Hasto mengungkapkan bahwa upaya pencegahan maladministrasi dilakukan secara menyeluruh, termasuk dengan keterlibatan langsung pimpinan. Ia mengaku membaca laporan dan berkas pelayanan satu per satu sebagai bagian dari mitigasi risiko, terutama di tengah percepatan digitalisasi layanan.

Menurutnya, digitalisasi memiliki banyak manfaat, namun tetap memerlukan pengawasan agar tidak menimbulkan celah maladministrasi akibat proses yang berjalan otomatis tanpa kontrol optimal.

Sebagai landasan reformasi, Pemkot Yogyakarta telah menetapkan Keputusan Wali Kota Nomor 394 Tahun 2025 tentang Rencana Aksi Reformasi Birokrasi, yang merupakan tindak lanjut dari kebijakan tahun 2023. Roadmap reformasi birokrasi tersebut berfokus pada peningkatan tata kelola pemerintahan yang bersih dan akuntabel serta pelayanan publik yang berkualitas.

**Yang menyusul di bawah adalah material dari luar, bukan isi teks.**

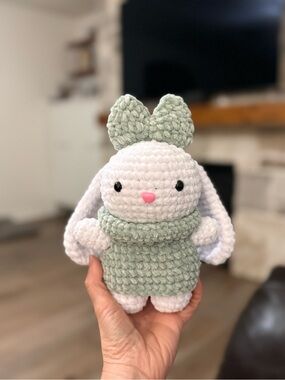 Plush Crochet Bunny Toy in Sage Green and White - Handmade Small Plush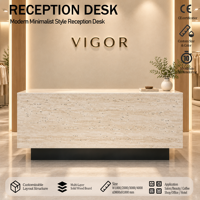 Comptoir d'accueil au design haut de gamme, moderne et minimaliste, pour salon de manucure / boutique de beauté / magasin de détail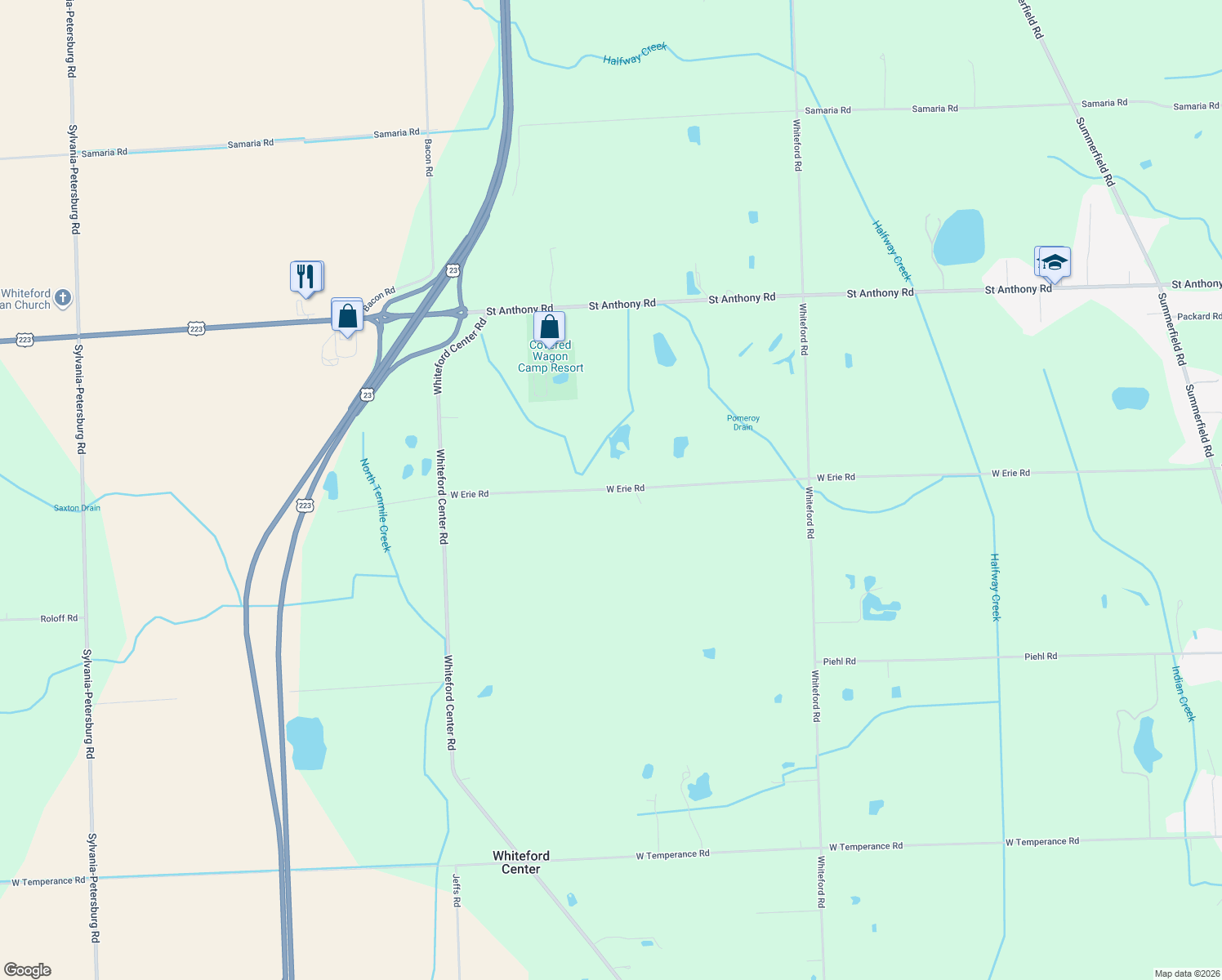 map of restaurants, bars, coffee shops, grocery stores, and more near 5339 West Erie Road in Ottawa Lake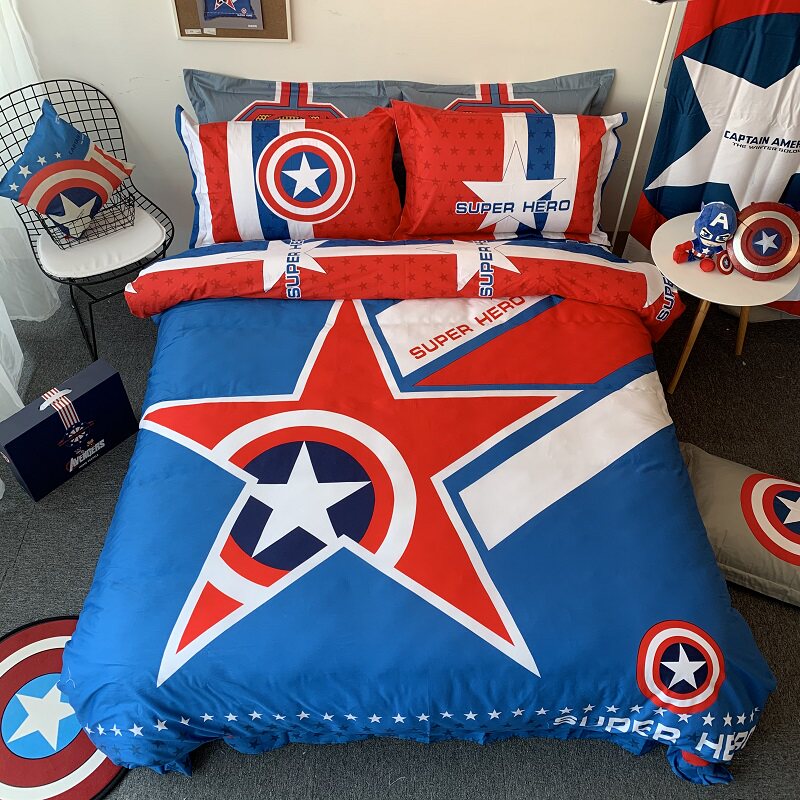Cotton cartoon four-piece set children's pure cotton quilt cover fitted sheet boy Captain America hero anime bed three-piece set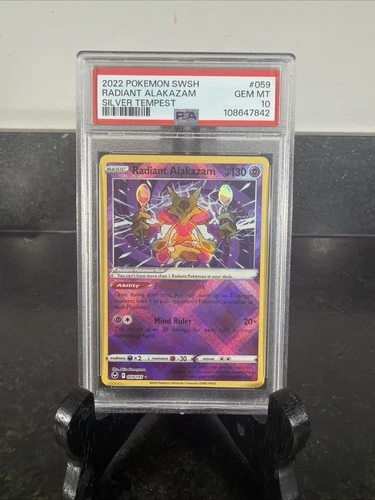 2022 POKEMON SWORD & SHIELD SILVER TEMPEST RADIANT ALAKAZAM #059 PSA 10 GEM MINT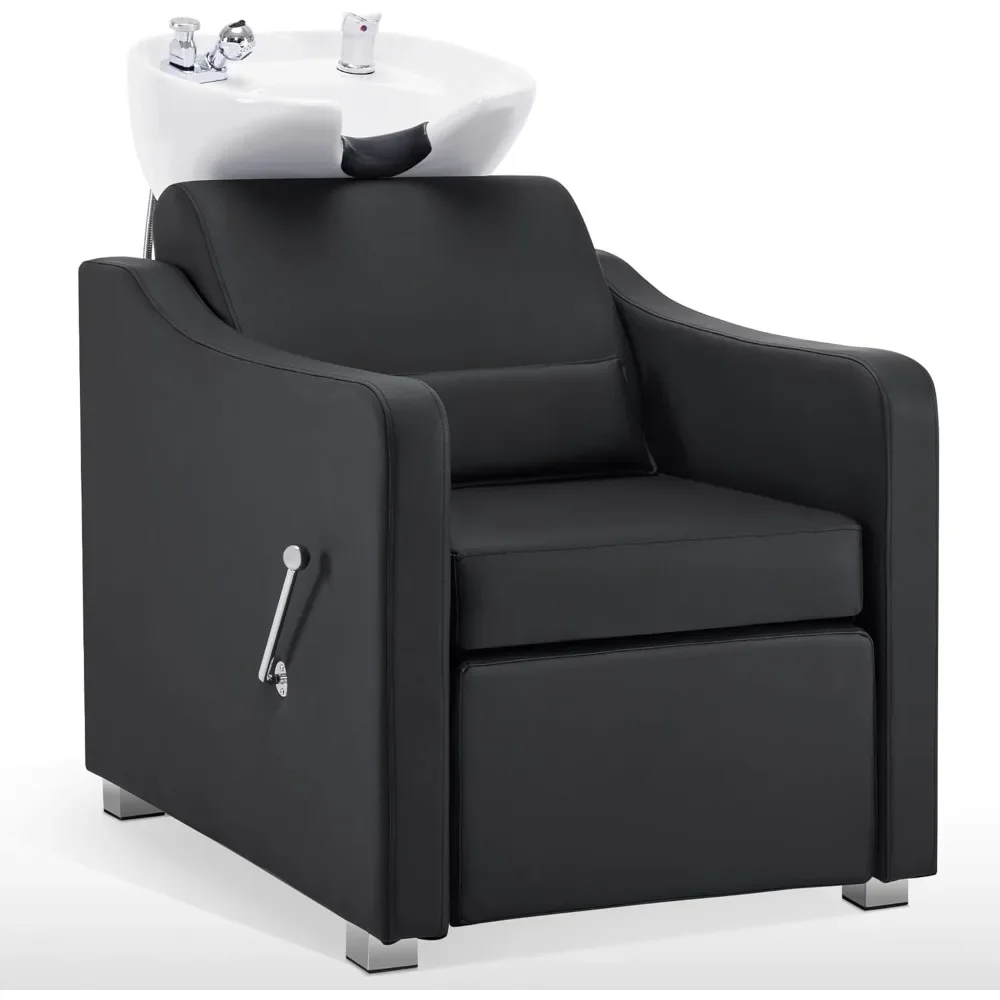 

Salon Furniture, Backwash Shampoo Station Chair, Adjustable Porcelain Ceramic Hair Wash Bowl With Chair, Shampoo Station For Bar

Reformasi birokrasi dijalankan melalui delapan area perubahan, meliputi manajemen perubahan, kelembagaan, sumber daya manusia aparatur, penguatan pengawasan, akuntabilitas kinerja, pelayanan publik, hingga regulasi. Pemerintah Kota juga mengadopsi prinsip digital governance yang transformatif dan progresif, namun tetap berpusat pada manusia (human-centered development).

“Kota Yogyakarta tidak memiliki sumber daya alam yang melimpah. Kekuatan kita ada pada manusia dan kreativitasnya. Karena itu pembangunan manusia menjadi fokus utama,” tambahnya.

Sementara itu, Kepala Perwakilan Ombudsman RI Wilayah DIY, Muflihul Hadi, menyampaikan selamat atas capaian Pemerintah Kota Yogyakarta yang masuk tiga besar nasional.

Ia menjelaskan bahwa sejak 2025, Ombudsman mengubah nomenklatur penilaian dari sebelumnya Survei Kepatuhan menjadi Opini Penilaian Maladministrasi (OPM). Jika sebelumnya lebih menitikberatkan pada standar pelayanan dan sarana prasarana, kini fokus penilaian bergeser pada pengalaman serta perspektif pengguna layanan.

“Kami banyak bertanya langsung kepada masyarakat sebagai pengguna layanan. Standar pelayanan itu sudah menjadi kewajiban. Yang kami nilai sekarang adalah bukti dan fakta yang benar-benar dirasakan masyarakat,” jelasnya.

Dengan capaian tersebut, Pemerintah Kota Yogyakarta diharapkan mampu mempertahankan kualitas pelayanan publik sekaligus terus meningkatkan inovasi dan integritas birokrasi demi pelayanan yang semakin responsif dan berkeadilan.